Pictures with short captions
□ □ □ □

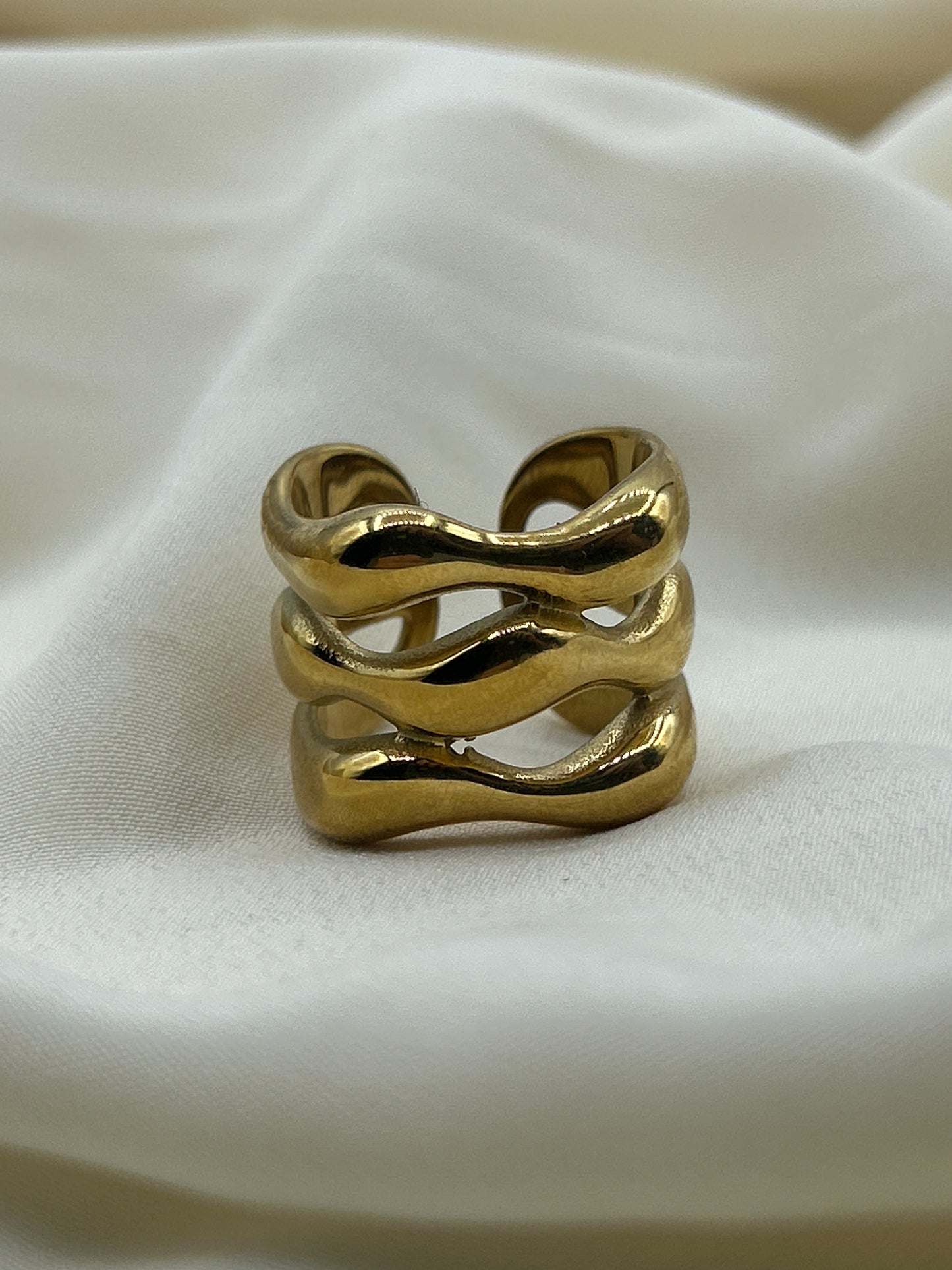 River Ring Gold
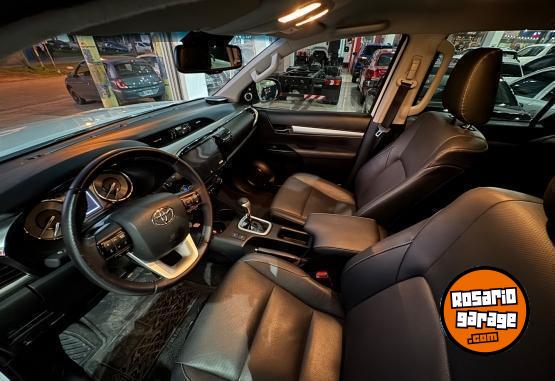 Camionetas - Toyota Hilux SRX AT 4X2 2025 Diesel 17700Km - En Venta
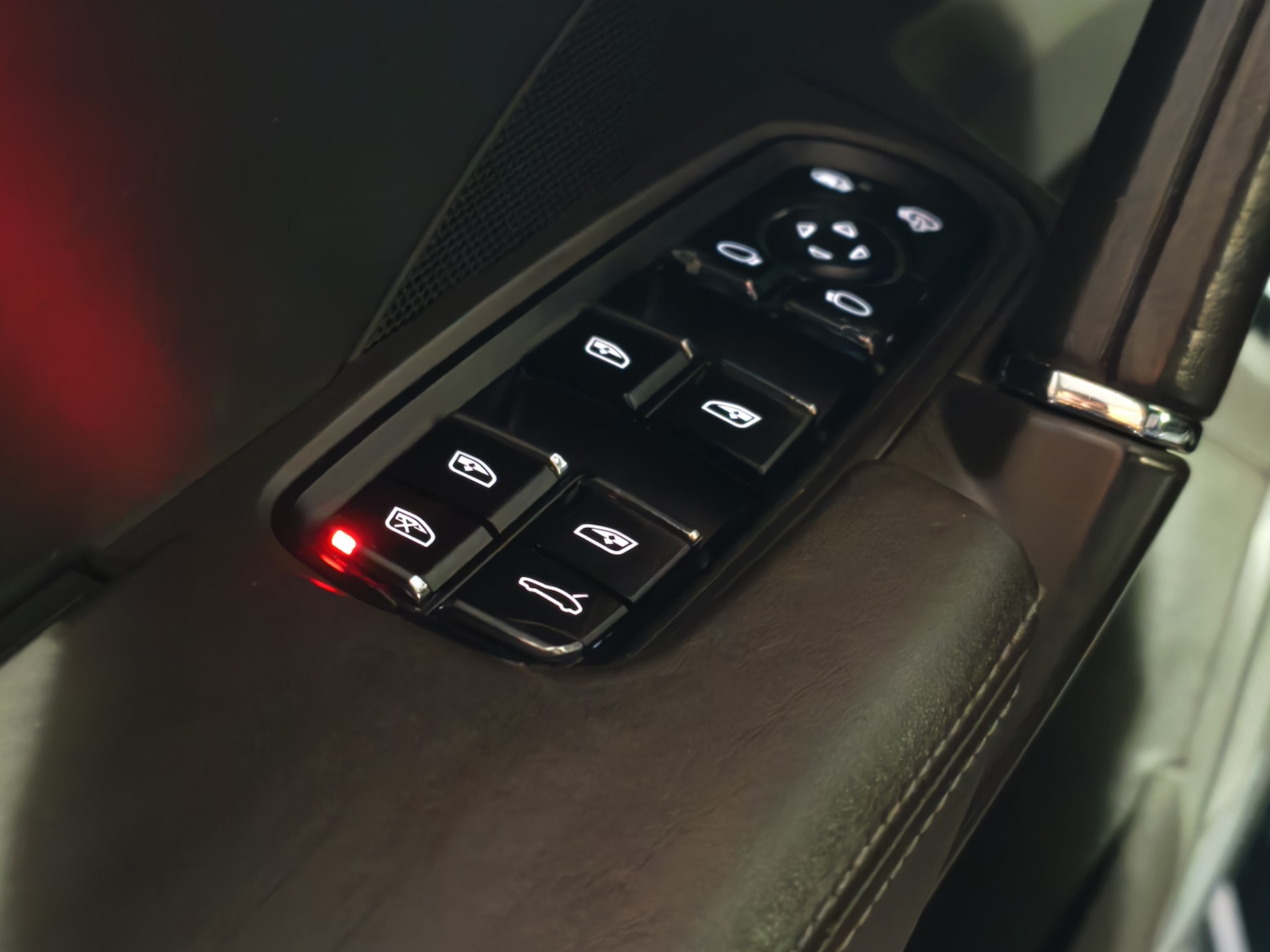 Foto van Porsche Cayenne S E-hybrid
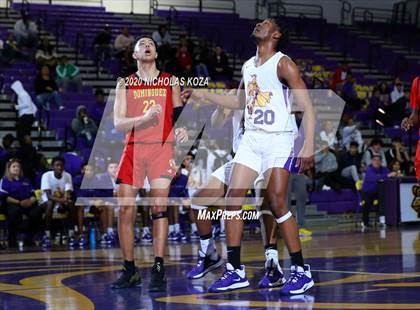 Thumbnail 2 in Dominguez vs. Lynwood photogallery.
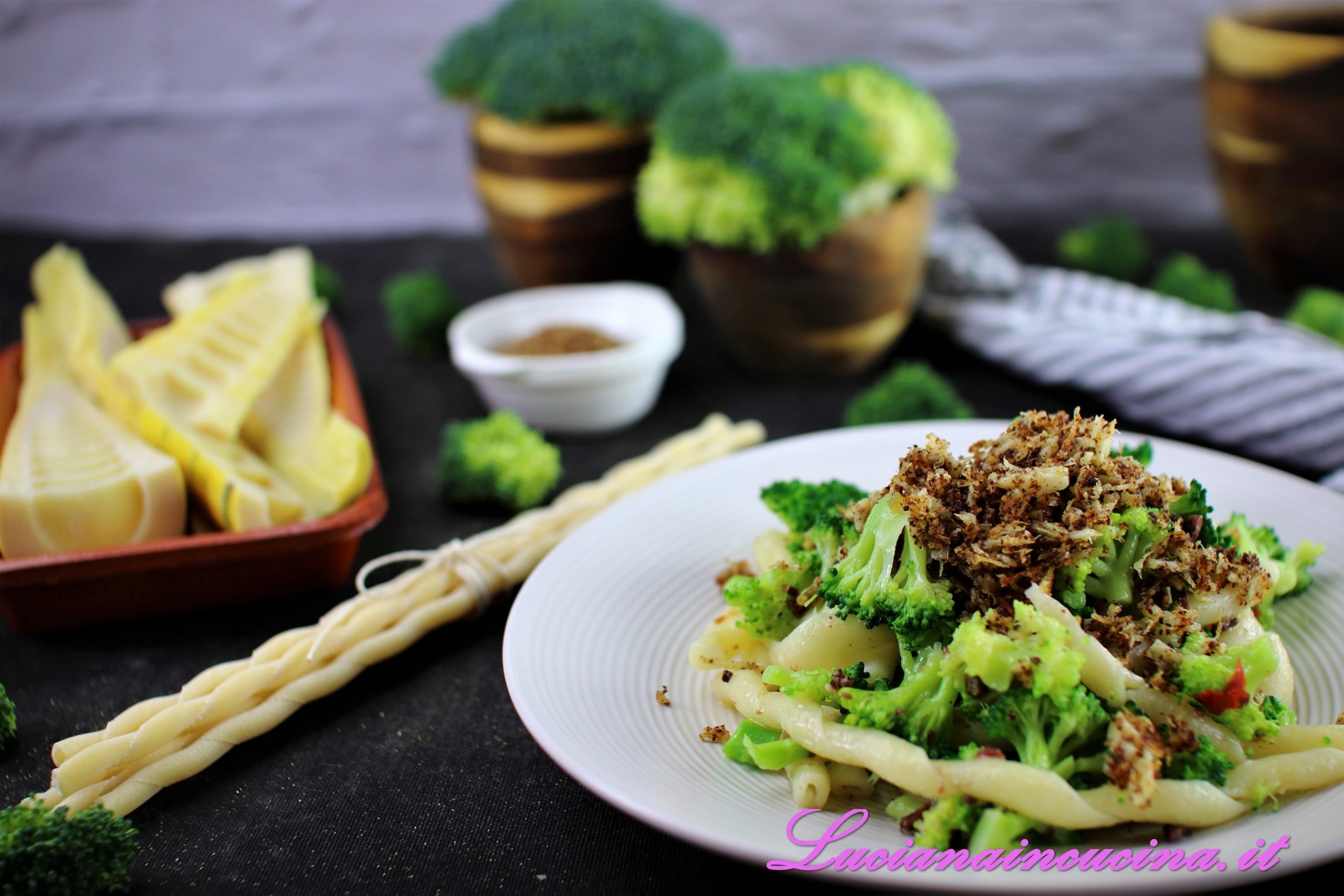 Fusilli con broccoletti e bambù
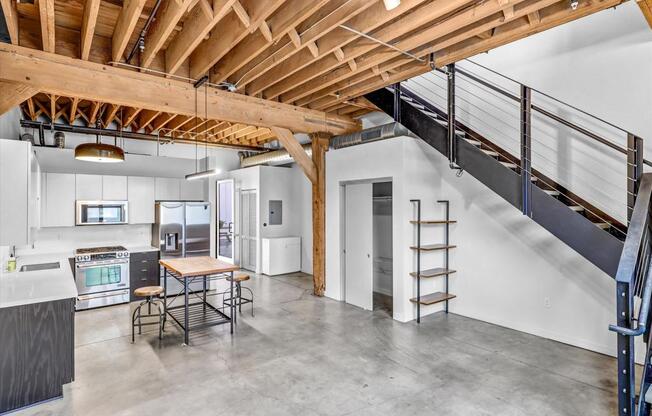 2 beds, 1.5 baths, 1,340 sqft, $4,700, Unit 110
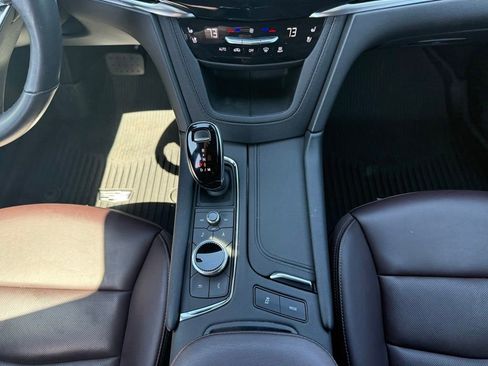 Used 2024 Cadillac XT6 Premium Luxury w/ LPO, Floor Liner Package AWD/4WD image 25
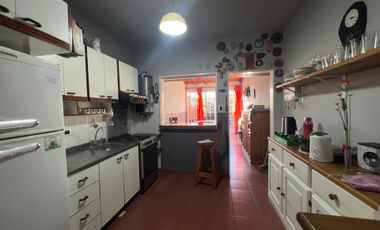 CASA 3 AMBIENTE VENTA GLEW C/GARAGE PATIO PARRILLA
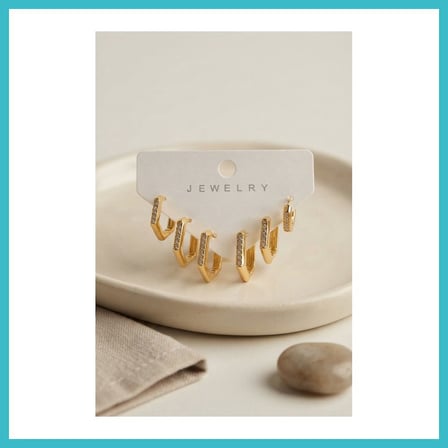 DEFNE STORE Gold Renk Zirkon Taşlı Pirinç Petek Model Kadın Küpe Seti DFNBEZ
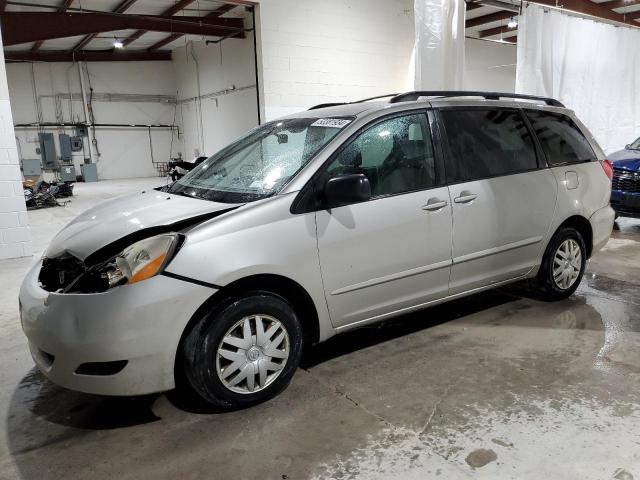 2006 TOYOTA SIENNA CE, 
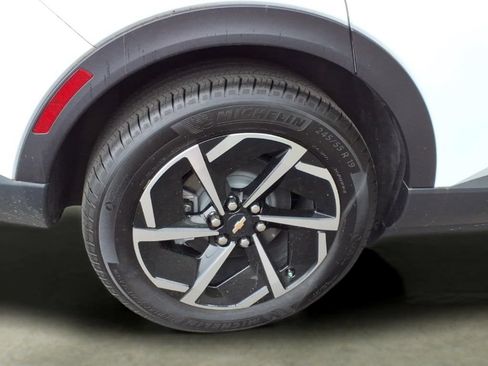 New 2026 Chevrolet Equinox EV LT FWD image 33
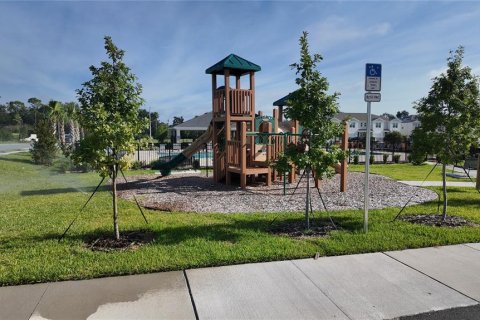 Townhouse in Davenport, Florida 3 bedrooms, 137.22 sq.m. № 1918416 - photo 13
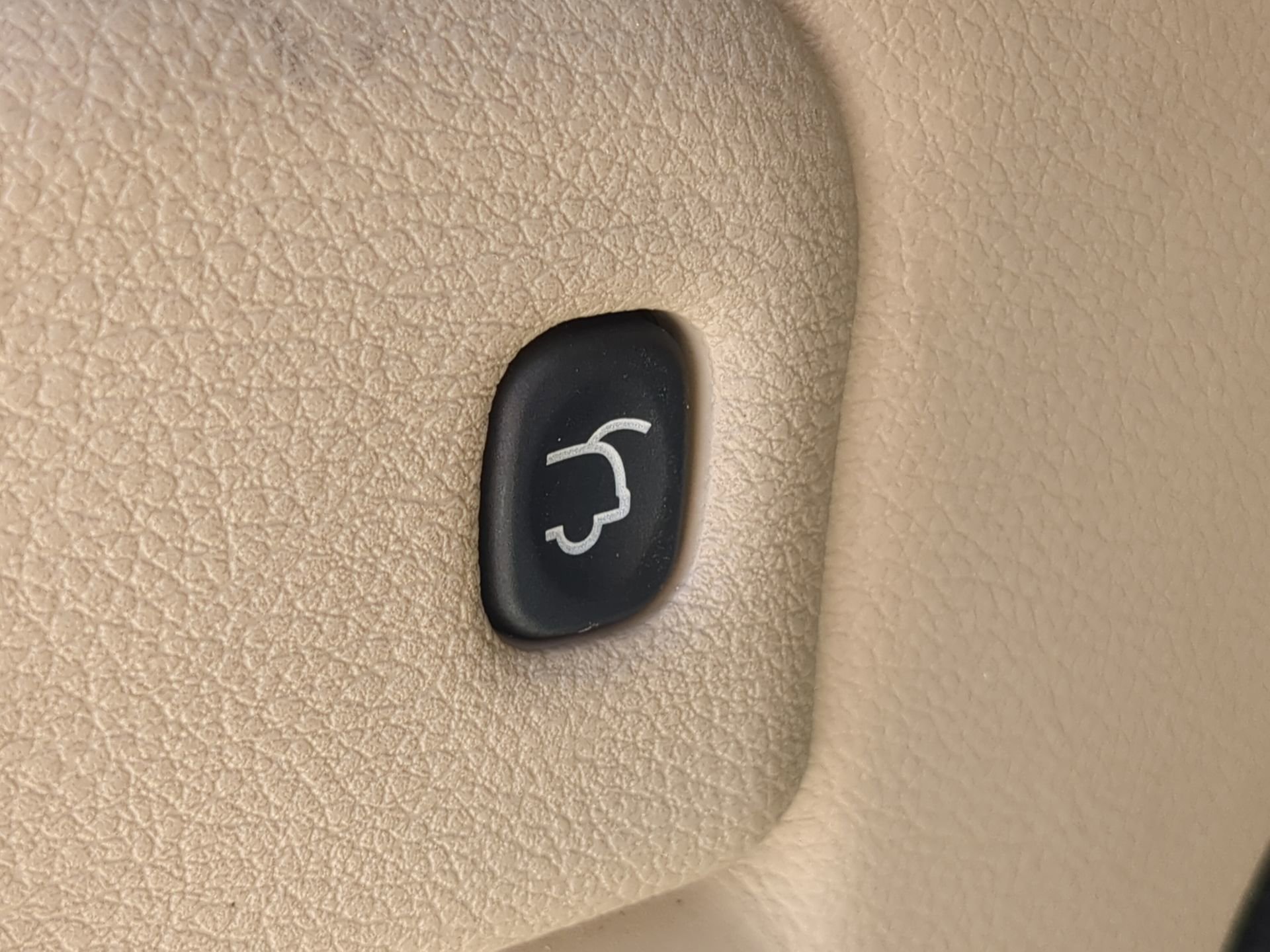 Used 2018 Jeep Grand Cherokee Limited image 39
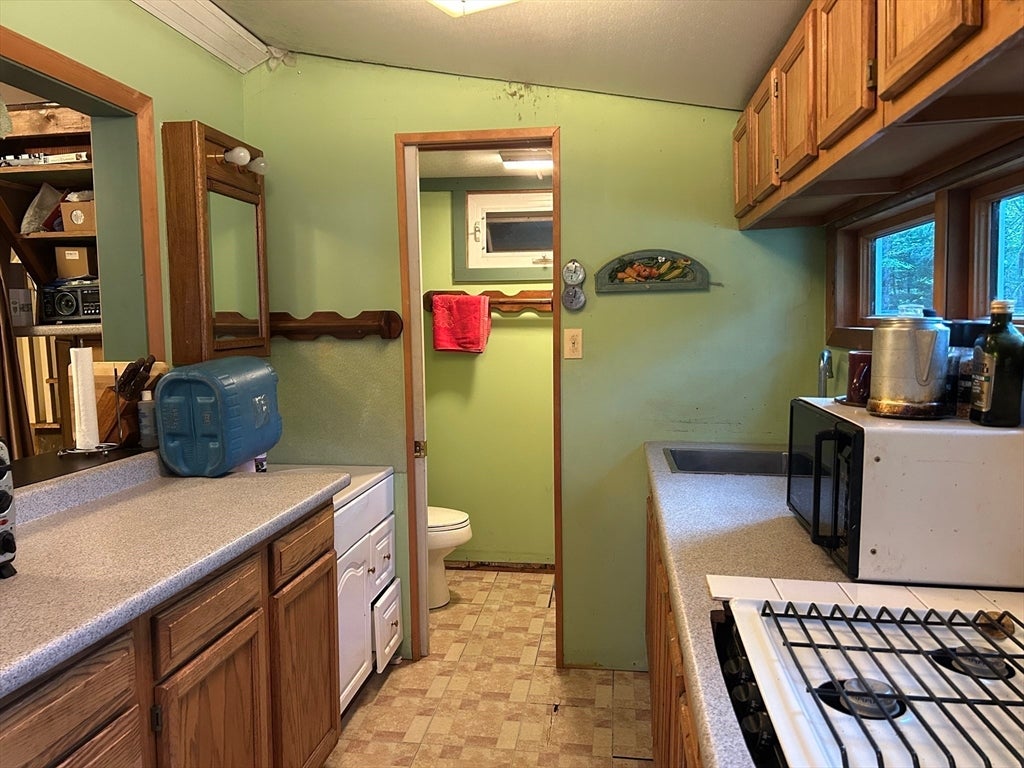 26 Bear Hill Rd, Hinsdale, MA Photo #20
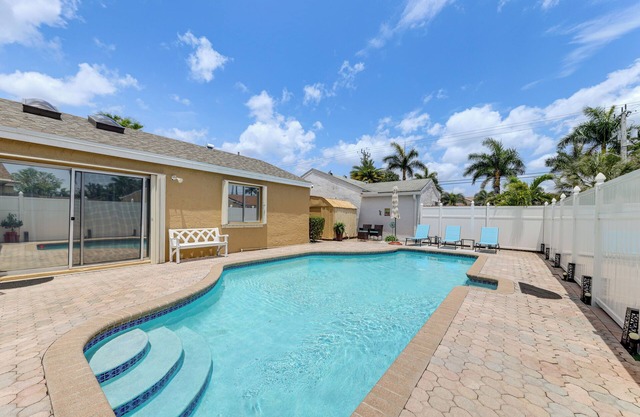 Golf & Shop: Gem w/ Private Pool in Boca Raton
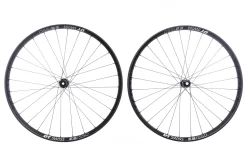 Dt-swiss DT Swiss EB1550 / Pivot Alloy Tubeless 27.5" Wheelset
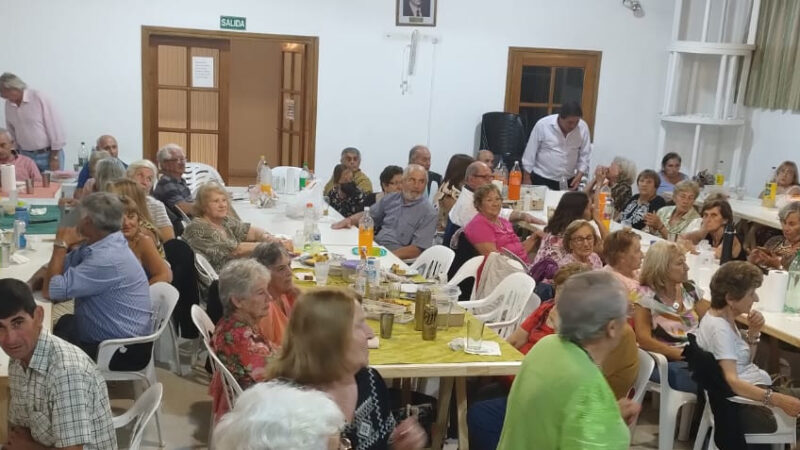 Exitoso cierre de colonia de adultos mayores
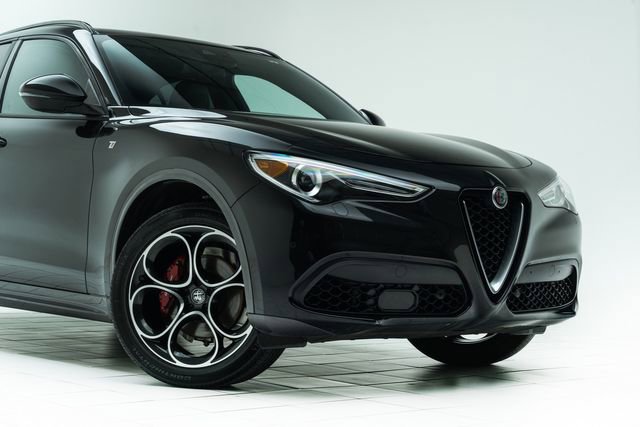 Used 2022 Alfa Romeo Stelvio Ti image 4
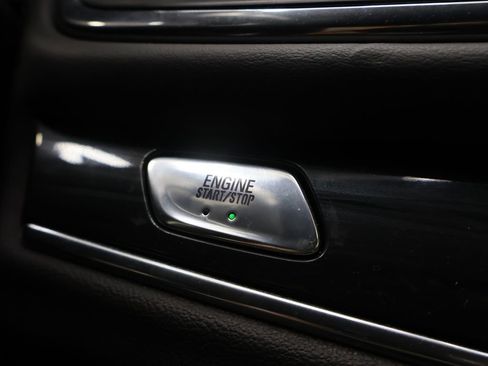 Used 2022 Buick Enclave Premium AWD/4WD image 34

□ □ □ □

BRIEF:
An acceptable answer consists of the lines above from the one holding "Foto van Porsche Cayenne S E-hybrid" to the end of the data, repeated exactly and containing no pictures.

THE COMPLETED TASK:
 Foto van Porsche Cayenne S E-hybrid
 Thumbnail 2 in Dominguez vs. Lynwood photogallery.
 Fusilli con broccoletti e bambù
 2 beds, 1.5 baths, 1,340 sqft, $4,700, Unit 110
 Used 2024 Cadillac XT6 Premium Luxury w/ LPO, Floor Liner Package AWD/4WD image 25
 CASA 3 AMBIENTE VENTA GLEW C/GARAGE PATIO PARRILLA
 DEFNE STORE Gold Renk Zirkon Taşlı Pirinç Petek Model Kadın Küpe Seti DFNBEZ
 2006 TOYOTA SIENNA CE, 
 New 2026 Chevrolet Equinox EV LT FWD image 33
 Townhouse in Davenport, Florida 3 bedrooms, 137.22 sq.m. № 1918416 - photo 13
 Used 2018 Jeep Grand Cherokee Limited image 39
 26 Bear Hill Rd, Hinsdale, MA Photo #20
 Golf & Shop: Gem w/ Private Pool in Boca Raton
 Dt-swiss DT Swiss EB1550 / Pivot Alloy Tubeless 27.5" Wheelset
 Exitoso cierre de colonia de adultos mayores
 Used 2022 Alfa Romeo Stelvio Ti image 4
 Used 2022 Buick Enclave Premium AWD/4WD image 34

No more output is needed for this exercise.